If I have the following syntax...
TARGET <- iris$Species
trainX <- iris[,-5]
ctrl <- trainControl(method = "cv")
svm.tune <- train(x=trainX,
y= TARGET,
method = "svmRadial",
tuneLength = 9,
preProc = c("center","scale"),
metric="ROC",
trControl=ctrl)
svm.tune
Is there a direct form to obtain the metrics over the validation set as the print of svm.tune
? Or should I use 'predict' for each considered fit by hand?
As I'm new to caret grammar, I know how to obtain the metrics for cross-validation, but I would like to redirect the computations to this validation set. Which parameters should I use?
EDIT: Is there a way to show the classification metrics for each set of parameters of the grid using a validation set instead of cross-validation?
Upvotes: 1
Views: 677
Reputation: 1549
You can do this by specifying index
and indexOut
arguments to trainControl
. I will use an example on the diamonds
data from the ggplot2
package to highlight.
library(caret)
data(diamonds, package = "ggplot2")
# create a mock training and validation set
training = diamonds[1:10000,]
validation = diamonds[10001:11000,]
Then use the createFolds
function to create some cross validation folds for each model fit.
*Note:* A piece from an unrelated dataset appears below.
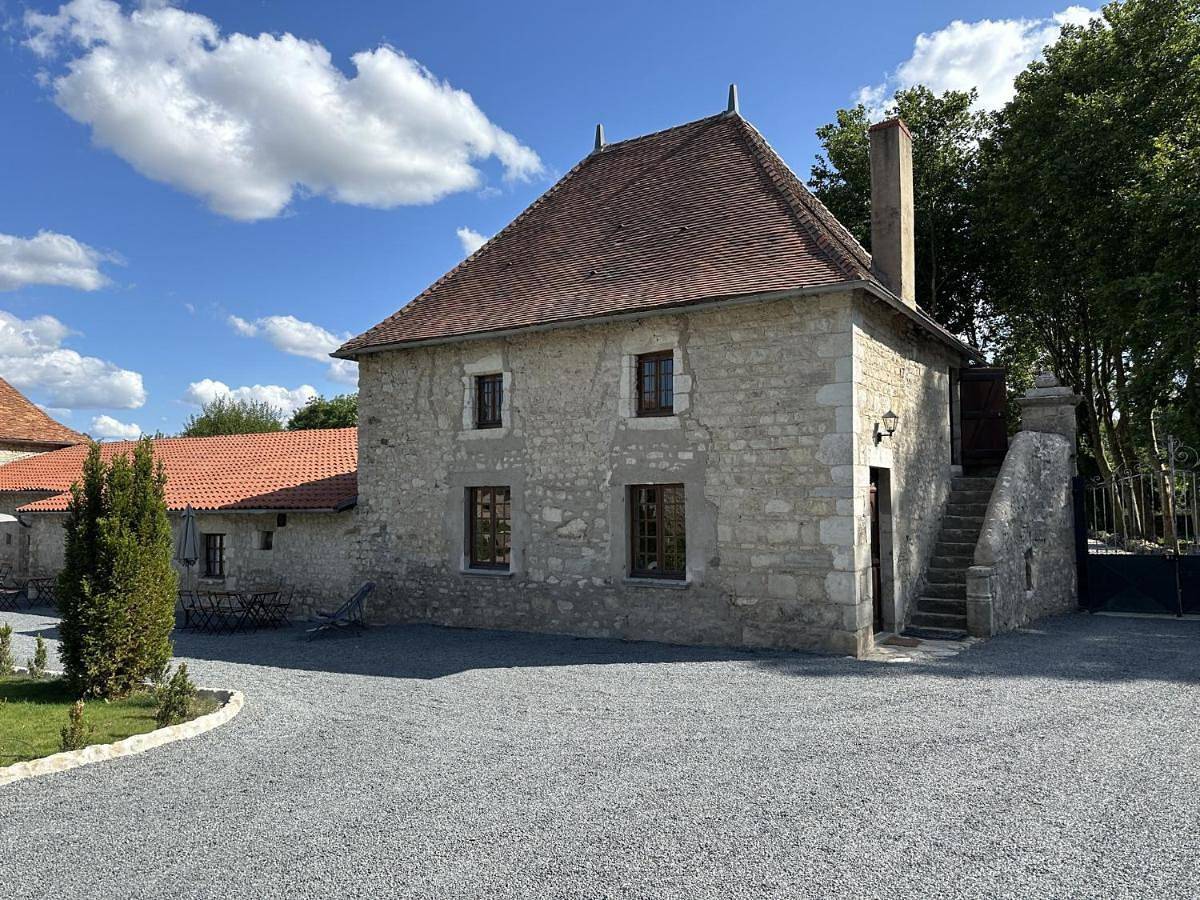 One-Bedroom Cottage in Vicq, Région de Montluçon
The default returnTrain = FALSE
would normally return hold out rather than keep in hence it's specification as TRUE.
trainIndex = createFolds(training$price, returnTrain = TRUE)
Now we will create one data frame that contains both the training and validation sets, and create a list of hold out indicies of equal length to the number of training folds. Note these indicies just correspond to the rows of my data that are the validation set.
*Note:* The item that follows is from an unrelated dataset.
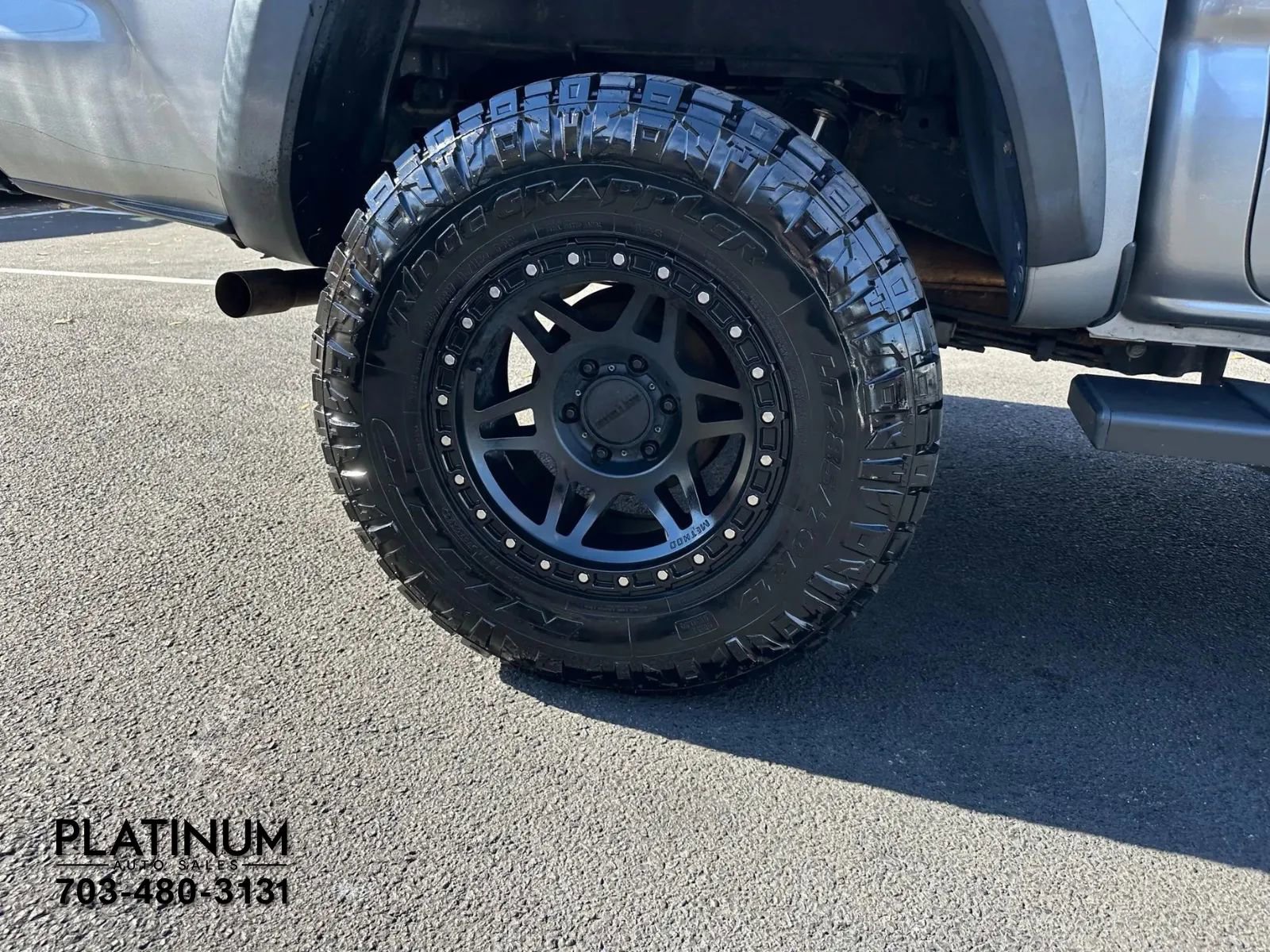 Used 2017 Toyota Tacoma TRD Off-Road image 19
dat = rbind(training,validation)
valIndex = lapply(trainIndex,function(i) 10001:11000)
Then in specification of the trainControl
object we pass these two lists of indicies to the arguments index
and indexOut
, the indicies to fit and test respectively and train our model. ("lm" here for speed)
trControl = trainControl(method = "cv",
index = trainIndex,
indexOut = valIndex)
train(price~., method = "lm", data = dat, trControl = trControl)
## Linear Regression
##
## 11000 samples
## 9 predictors
##
## No pre-processing
## Resampling: Cross-Validated (10 fold)
##
## Summary of sample sizes: 8999, 8999, 9000, 9000, 8999, 9000, ...
##
## Resampling results
##
## RMSE Rsquared RMSE SD Rsquared SD
## 508.0062 0.9539221 2.54004 0.0002948073
You can convince yourself that you are indeed doing what you aim to, either by keeping all the resampling info and testing one of them by fitting manually (you know the indicies used for fitting so can do this). Or maybe just seeing that if we only use the training data we get different resampling results. (Since the folds were initially fixed then we would expect the same if it wasn't using the validation set, got rid of the randomness in rerunning train
)
train(price~., method = "lm", data = training,trControl = trainControl(
method = "cv", index = trainIndex
))
## Resampling results
##
## RMSE Rsquared RMSE SD Rsquared SD
## 337.6474 0.9074643 9.916053 0.008115761
Hope that helps.
Edit:
OK just noticed OP asked about classification example, however the answer holds true for both.
Upvotes: 2